Figure 4. Abrogation of MKP1 mediates resistance to cDDP in NSCLC

(A) Expression of MKP1 was evaluated in H460 infected with sh-RNA scrambled or MKP1 by qRT-PCR. (B) 50 μg of TCL from H460 cells infected with MKP1 sh-RNA or empty vector were blotted against MKP1. Tubulin was used as loading control. (C) H460 cell line infected with sh-RNA scrambled or MKP1 was treated with the indicated doses of cDDP during 48 hours and viability was evaluated by the crystal violet method. Bars indicate standard deviation (SD). (D) 50 μg of TCL from cDDP resistant H460 generated by co-culturing (cDDP-R) or parental H460 cell line were blotted against MKP1. Tubulin was used as loading control. (E) H460 cDDP-R or parental H460 were treated with the indicated doses of cDDP during 48 hours and viability was evaluated by crystal violet method. Bars indicate standard deviation (SD).
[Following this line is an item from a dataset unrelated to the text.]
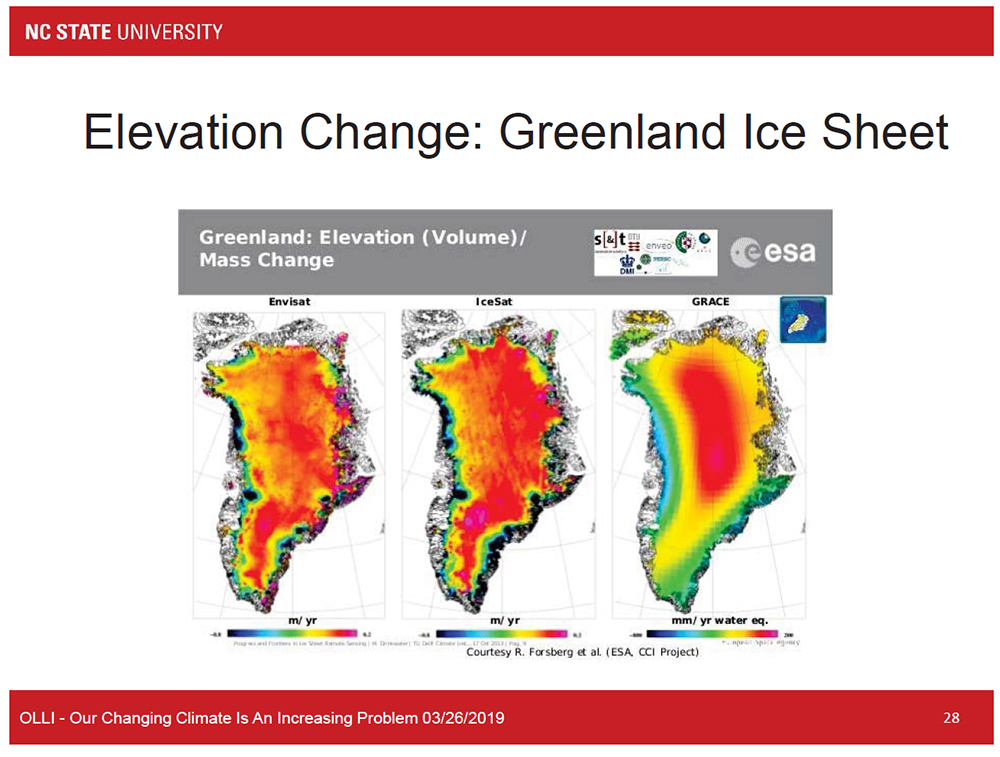 Elevation Change: Greenland Ice Sheet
Figure 5. Upregulation of MKP1 mediates E1a associated sensitivity to cDDP in a p38MAPK dependent fashion

(A) 50 μg of the TCL from NSCLC expressing E1a 13s or empty vector were used to evaluate the MKP1, P-p38MAPK and p38MAPK. Tubulin was used as loading control. (B) H1299 stably transfected with pcDNA E1a 13s (H1299 E1a) or empty vector (E.V.) were infected with lentivirus carrying sh-RNA against MKP1 (H1299 E1a shMKP1) and then mRNA MKP1 levels were evaluated by qRT-PCR. (C) 50 μg of TCL from cells used in B) were blotted against MKP1 and E1a. Tubulin was used as loading control. (D) 50 μg of TCL from cell used in C) were blotted against p38, ERK1/2 and the respective active forms. Tubulin was used as loading control. (E) H1299 E.V, H1299 E1a and H1299 E1a and sh-RNA MKP1 were treated with the indicated doses of cDDP during 48 hours and viability was evaluated by crystal violet method. Bars indicate standard deviation (SD). (F) H1299 E.V and H1299 E1a were treated with the indicated doses of cDDP during 48 hours in the presence/absences of PD98059 (10 μM). Viability was evaluated by crystal violet method. Bars indicate standard deviation (SD). (G) H1299 E.V and H1299 E1a were treated with the indicated doses of cDDP during 48 hours in the presence/absences of SB203580 (10 μM). Viability was evaluated by crystal violet method. Bars indicate standard deviation (SD).